Binance and Changpeng Zhao Face £150M Lawsuit From 1,700 UK Investors
Binance and founder Changpeng Zhao have been sued by approximately 1,700 UK investors seeking £150 million in damages for allegedly offering unregulated cryptocurrency derivatives to retail clients without proper authorization. The lawsuit, filed in the United Kingdom, marks a significant escalation in regulatory pressure against the world's largest crypto exchange and could establish precedent for cross-border accountability in crypto markets.
The legal action centers on Binance's offering of leveraged and derivative products to British retail investors without securing approval from the UK Financial Conduct Authority (FCA). Crypto derivatives, which allow traders to bet on price movements without owning the underlying asset, have become a flashpoint for regulators worldwide. The FCA has previously taken enforcement action against crypto platforms for offering these products to retail clients, and similar restrictions exist under the EU's MiFID II regulations.

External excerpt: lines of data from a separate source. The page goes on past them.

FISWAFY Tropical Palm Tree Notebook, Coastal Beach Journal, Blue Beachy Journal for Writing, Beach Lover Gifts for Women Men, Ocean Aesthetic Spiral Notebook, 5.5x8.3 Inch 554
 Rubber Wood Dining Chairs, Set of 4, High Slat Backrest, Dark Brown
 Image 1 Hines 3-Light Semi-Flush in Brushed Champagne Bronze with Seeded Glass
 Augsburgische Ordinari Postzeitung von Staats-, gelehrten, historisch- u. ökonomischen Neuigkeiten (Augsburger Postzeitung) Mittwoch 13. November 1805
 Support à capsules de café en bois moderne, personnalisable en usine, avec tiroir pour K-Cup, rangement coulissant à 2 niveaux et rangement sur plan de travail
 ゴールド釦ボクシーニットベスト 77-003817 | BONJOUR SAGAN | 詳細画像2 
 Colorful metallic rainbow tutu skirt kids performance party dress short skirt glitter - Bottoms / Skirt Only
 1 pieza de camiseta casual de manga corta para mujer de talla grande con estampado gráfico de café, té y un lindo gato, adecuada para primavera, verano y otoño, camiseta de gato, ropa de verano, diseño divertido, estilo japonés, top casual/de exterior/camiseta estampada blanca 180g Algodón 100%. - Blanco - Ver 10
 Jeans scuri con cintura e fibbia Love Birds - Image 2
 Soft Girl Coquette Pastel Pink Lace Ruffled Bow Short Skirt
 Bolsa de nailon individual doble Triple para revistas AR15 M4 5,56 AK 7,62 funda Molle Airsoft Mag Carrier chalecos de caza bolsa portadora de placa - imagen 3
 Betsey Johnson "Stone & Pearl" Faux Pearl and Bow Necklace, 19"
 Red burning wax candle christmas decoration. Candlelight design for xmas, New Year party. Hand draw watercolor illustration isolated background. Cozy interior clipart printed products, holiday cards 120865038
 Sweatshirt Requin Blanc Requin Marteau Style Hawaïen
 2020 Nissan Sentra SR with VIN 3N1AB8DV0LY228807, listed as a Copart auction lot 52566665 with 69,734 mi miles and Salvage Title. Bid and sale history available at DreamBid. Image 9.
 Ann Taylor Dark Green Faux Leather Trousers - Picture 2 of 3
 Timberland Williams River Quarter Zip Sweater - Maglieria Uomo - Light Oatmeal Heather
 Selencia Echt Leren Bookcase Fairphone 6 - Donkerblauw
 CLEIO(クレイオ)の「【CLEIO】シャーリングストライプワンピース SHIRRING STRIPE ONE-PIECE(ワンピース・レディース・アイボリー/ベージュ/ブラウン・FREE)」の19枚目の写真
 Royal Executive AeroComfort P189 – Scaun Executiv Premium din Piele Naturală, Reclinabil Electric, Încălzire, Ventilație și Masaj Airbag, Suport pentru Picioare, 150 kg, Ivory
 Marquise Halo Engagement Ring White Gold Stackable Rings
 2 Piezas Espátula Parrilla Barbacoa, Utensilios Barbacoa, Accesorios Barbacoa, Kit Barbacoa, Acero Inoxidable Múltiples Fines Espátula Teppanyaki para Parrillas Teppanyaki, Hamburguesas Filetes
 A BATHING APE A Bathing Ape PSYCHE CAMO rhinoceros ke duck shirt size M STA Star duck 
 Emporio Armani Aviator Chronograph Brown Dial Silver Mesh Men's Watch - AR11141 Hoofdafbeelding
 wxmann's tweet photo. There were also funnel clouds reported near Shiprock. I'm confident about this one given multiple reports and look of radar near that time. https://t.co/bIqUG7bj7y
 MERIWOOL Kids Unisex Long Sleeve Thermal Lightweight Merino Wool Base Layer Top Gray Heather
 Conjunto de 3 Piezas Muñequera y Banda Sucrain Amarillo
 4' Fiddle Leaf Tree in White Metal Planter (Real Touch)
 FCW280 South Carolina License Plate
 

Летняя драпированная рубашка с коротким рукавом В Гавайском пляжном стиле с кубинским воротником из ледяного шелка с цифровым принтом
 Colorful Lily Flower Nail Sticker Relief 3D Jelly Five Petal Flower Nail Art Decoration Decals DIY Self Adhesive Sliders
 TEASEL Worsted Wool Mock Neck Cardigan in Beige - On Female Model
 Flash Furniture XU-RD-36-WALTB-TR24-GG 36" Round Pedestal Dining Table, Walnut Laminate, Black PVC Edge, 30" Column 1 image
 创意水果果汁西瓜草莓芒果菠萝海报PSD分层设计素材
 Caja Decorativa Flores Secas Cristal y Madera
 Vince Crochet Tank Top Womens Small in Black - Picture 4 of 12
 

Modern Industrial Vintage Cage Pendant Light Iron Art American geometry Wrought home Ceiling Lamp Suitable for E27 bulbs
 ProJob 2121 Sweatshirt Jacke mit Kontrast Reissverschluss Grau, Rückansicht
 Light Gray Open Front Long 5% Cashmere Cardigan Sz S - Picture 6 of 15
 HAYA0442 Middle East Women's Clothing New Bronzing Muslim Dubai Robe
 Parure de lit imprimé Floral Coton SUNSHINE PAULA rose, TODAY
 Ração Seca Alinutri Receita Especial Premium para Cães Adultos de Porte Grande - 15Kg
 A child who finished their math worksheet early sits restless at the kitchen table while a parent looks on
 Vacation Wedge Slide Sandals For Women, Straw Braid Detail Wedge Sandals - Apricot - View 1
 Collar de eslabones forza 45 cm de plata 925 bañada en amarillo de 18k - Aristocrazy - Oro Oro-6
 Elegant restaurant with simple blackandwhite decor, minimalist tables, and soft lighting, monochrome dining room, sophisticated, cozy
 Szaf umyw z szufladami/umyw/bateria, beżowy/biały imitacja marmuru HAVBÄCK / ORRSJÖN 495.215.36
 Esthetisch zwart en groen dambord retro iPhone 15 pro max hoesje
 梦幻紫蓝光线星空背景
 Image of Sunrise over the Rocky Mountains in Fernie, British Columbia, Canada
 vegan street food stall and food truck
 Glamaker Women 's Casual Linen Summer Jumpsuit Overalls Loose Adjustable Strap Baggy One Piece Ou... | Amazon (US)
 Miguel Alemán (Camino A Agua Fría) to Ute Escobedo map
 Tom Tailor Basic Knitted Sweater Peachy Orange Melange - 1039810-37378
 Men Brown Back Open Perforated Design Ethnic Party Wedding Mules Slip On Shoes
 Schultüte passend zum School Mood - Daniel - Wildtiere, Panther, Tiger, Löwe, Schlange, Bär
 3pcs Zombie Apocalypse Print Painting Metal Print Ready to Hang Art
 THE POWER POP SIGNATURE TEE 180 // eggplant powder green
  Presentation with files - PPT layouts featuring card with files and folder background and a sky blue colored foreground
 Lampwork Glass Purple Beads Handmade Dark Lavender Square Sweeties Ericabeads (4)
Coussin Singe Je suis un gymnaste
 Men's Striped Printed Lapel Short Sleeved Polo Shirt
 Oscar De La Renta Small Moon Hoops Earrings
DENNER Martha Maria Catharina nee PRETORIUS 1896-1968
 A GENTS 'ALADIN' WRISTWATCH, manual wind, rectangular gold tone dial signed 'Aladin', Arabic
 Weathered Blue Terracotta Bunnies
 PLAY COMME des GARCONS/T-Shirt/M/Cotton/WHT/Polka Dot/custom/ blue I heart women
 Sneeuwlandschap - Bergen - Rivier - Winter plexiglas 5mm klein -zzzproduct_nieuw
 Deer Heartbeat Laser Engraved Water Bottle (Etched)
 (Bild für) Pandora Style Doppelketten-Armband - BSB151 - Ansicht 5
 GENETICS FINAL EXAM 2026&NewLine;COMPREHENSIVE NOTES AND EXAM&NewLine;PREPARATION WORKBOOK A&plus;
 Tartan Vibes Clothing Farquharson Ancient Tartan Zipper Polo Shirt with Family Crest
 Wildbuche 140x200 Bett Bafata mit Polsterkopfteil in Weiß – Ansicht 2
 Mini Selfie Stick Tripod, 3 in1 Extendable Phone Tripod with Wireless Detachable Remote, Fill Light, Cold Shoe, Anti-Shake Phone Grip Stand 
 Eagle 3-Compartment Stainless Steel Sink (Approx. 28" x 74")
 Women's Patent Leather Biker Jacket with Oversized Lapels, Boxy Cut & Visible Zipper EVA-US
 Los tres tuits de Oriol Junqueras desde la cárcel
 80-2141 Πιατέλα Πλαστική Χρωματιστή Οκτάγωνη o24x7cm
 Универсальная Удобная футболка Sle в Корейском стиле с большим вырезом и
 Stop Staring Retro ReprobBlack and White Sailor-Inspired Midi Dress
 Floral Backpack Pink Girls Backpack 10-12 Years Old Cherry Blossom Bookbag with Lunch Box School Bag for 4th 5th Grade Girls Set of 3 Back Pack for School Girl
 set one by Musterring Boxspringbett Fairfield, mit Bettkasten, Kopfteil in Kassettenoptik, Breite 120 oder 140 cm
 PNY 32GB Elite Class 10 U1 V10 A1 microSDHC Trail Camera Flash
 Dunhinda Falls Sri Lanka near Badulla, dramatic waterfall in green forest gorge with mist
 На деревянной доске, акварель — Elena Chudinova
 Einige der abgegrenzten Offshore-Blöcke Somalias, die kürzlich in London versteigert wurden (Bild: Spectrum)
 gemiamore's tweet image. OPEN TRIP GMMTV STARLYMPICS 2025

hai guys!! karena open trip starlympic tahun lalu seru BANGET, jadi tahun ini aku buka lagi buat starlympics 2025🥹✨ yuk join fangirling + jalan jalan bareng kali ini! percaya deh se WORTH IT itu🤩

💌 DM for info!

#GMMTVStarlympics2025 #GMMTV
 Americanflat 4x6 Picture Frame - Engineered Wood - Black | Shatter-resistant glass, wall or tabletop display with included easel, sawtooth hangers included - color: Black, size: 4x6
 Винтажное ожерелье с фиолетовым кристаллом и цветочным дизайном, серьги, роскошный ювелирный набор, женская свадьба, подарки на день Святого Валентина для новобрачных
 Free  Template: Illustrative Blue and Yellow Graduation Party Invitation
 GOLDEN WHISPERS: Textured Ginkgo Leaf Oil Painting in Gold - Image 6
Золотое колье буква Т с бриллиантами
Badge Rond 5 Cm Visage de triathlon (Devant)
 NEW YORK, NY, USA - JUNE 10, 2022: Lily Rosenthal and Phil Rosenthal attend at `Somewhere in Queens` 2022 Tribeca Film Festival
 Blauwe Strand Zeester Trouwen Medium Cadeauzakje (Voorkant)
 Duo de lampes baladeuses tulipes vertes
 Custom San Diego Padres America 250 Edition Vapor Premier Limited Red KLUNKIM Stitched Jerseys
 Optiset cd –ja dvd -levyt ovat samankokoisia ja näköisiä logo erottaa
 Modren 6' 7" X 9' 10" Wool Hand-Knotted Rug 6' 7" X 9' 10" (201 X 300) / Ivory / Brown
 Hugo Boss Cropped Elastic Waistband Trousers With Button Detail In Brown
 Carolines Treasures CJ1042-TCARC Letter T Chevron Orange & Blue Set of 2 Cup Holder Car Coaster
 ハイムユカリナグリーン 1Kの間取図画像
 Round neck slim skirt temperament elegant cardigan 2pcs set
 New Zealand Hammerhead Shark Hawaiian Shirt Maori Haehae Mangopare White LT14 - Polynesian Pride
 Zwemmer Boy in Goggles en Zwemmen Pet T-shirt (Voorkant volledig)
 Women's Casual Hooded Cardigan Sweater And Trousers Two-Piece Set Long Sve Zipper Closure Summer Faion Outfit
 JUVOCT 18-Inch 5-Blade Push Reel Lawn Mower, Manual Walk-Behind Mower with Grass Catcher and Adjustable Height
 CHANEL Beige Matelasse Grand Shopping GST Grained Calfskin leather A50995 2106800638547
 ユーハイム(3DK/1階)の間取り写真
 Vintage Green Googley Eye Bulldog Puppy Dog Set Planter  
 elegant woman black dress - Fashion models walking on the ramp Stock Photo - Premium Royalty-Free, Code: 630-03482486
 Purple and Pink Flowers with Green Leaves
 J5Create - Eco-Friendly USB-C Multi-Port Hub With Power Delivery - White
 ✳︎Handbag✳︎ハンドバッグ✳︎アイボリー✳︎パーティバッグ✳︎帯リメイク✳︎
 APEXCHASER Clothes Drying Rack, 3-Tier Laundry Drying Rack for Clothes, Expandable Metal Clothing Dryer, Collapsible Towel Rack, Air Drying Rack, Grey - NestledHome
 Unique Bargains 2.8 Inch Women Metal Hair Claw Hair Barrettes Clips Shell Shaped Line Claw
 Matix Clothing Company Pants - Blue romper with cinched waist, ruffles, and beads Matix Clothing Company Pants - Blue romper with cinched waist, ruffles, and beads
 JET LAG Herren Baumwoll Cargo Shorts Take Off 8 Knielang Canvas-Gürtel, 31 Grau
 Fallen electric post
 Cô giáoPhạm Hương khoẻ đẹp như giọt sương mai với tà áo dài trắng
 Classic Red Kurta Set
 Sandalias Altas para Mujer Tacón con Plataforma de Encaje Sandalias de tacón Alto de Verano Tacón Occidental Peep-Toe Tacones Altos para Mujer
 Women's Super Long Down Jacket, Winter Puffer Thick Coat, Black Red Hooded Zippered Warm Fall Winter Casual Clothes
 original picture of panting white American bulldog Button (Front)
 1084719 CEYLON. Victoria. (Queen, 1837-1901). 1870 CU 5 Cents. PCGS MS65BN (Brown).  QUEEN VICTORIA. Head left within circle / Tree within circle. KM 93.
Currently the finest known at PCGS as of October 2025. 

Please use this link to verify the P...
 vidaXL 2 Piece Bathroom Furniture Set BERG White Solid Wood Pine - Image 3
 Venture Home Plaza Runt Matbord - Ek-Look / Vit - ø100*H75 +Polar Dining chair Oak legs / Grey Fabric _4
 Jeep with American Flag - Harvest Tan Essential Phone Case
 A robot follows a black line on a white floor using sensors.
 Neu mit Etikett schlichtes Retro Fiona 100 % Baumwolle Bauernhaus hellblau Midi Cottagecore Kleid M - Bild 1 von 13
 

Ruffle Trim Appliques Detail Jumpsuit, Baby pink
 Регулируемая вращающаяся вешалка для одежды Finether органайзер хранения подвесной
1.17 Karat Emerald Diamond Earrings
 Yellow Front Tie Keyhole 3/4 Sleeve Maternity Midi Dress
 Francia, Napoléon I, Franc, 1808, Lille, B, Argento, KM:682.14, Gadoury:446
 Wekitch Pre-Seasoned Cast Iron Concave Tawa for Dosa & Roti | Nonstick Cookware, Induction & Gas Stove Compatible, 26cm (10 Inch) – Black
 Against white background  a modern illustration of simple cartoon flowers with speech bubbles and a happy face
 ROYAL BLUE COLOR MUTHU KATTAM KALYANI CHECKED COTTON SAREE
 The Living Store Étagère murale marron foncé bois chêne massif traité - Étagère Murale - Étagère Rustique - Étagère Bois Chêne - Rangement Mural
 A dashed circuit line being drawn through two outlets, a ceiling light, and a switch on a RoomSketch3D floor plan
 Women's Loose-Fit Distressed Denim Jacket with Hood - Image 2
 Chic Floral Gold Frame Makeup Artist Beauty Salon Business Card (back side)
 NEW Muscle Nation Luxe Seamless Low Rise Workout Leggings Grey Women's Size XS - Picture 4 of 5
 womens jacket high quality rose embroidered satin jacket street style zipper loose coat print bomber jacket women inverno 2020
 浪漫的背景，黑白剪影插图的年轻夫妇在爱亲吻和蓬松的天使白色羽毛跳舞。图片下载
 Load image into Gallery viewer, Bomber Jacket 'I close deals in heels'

Binance has already faced multiple enforcement actions globally, including regulatory crackdowns in the US, Europe, and Asia over the past three years. The UK case differs in its focus on retail investor protection through a private civil action rather than a regulatory enforcement proceeding, potentially opening a new avenue for harmed investors to seek recourse.
The damages claim of £150 million, approximately $200 million USD, would represent one of the largest consumer lawsuits against a crypto exchange to date. The figure suggests significant losses among the 1,700 claimants, averaging roughly $117,000 per investor. The lawsuit's success would depend on establishing that Binance knowingly violated UK financial services regulations and that investors suffered quantifiable harm as a result of trading unapproved derivatives.
Binance faces several potential defenses. The exchange may argue that investors were adequately informed of risks through terms of service and user disclaimers, or that derivatives trading is a legitimate financial product offered by regulated entities globally. The company could also challenge the UK court's jurisdiction, contending that offshore crypto platforms fall outside British regulatory authority. Binance might further dispute the damages calculation or argue that investors had alternative platforms available and made voluntary choices to trade.
A successful lawsuit could reshape how crypto exchanges structure their offerings and compliance frameworks globally. It may establish that platforms cannot rely solely on geographic arbitrage or technical offshore structures to avoid liability for retail investor harm. The precedent could encourage similar class actions in other jurisdictions where crypto exchanges have offered unregulated derivatives.
For crypto markets, the lawsuit underscores the ongoing tension between innovation and investor protection. While institutional and sophisticated traders have legitimate uses for derivatives, regulators increasingly view retail access to leveraged crypto products as a consumer protection issue. Binance's regulatory challenges have already prompted some institutional investors and corporate treasurers to diversify their exchange exposure, and a major legal judgment could accelerate that trend.
The case is still in early stages, and resolution could take years. Binance has not publicly commented on the specific allegations.